Власов получал свои средства от немцев. Комитеты просили предоставить им равные суммы. Меня осуждали за то, что я нарушил единый фронт малых национальностей, восточное министерство также косвенно давило на меня, так как я отклонялся от их линии.
У меня наилучшие впечатления о Власове, как о человеке, так и о политике. Он был единственным представителем всей новой эмиграции, способным управлять большим народным движением. Он был простым человеком. У него не было пронемецких иллюзий. У нас было несколько многочасовых разговоров. Я был с ним полностью согласен, Он говорил мне: мои друзья во главе Красной Армии, они выступают за то же, что и мы. Мы можем разбить Красную Армию без оружия, если немцы не будут вмешиваться. Возможно, что немцы потерпят поражение, тогда нам нужны новые союзники (эта беседа состоялась в августе 1944). Он сам предлагал отозвать калмыцкий корпус, как только он окажется под его началом, в тыл, чтобы спасти наших людей. "Что касается национального вопроса, я стою на позициях Пражского Манифеста", - сказал он мне позже, - "свободное самовыражение и самоопределение вплоть до отделения, если его хочет народ."
Он также вел переговоры с другими национальными группировками, но они не доверяли ему. "Он русский, он станет вторым Деникиным", - говорили они.
Малышкин и Трухин были серьезными и способными людьми. Трухин был компетентным специалистом, а Малышкин очень приятным человеком. Жиленкова я внутренне ненавидел. Он был барином. Бывший офицер НКВД, карьерист. Сомневаюсь, что у него были прочные убеждения. С Кромиади мы ладили.
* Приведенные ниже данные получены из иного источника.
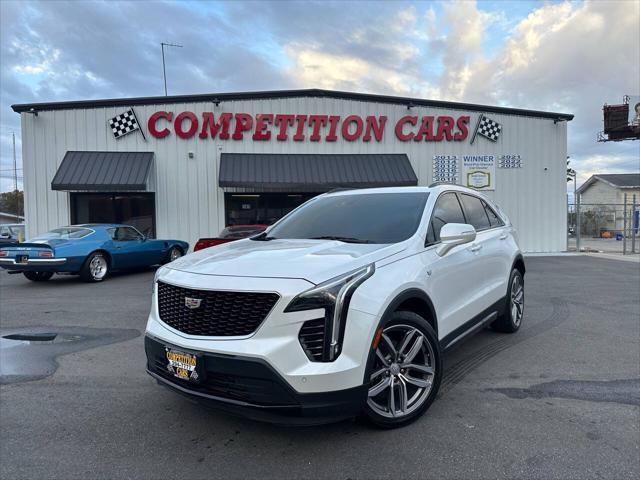 used 2019 Cadillac XT4 car, priced at $27,995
Мое мнение о КОНР нелицеприятно. Я это говорил Власову. В нем было слишком много разнородных элементов. Несколько старых зубров вроде генералов Абрамова и Лебедева (из казаков) были непримиримыми монархистами. Я спрашивал Власова: для чего это? Он похлопал меня по плечу: "Пусть себе сидят. Мы все равно будем делать свое дело. Я не могу их выкинуть". Позже из-за этого начались проблемы. На деле КОНР был декоративным парламентом без всякой власти. Власов всегда председательствовал, но вел себя довольно демократично. Никто из известных представителей других национальностей не присоединился (кроме Цагола, Балинова и пр.) В этом была слабость КОНР. Но с учетом оппозиции в восточном министерстве иное не представлялось возможным.
В калмыцком корпусе были советские агенты. Один был непосредственно заслан НКВД, он был одним из первоначальных организаторов Корпуса. В 1944 немцы обнаружили его секретный доклад. В Комитете, однако, мы достаточно хорошо знали друг друга, чтобы не сомневаться в лояльности.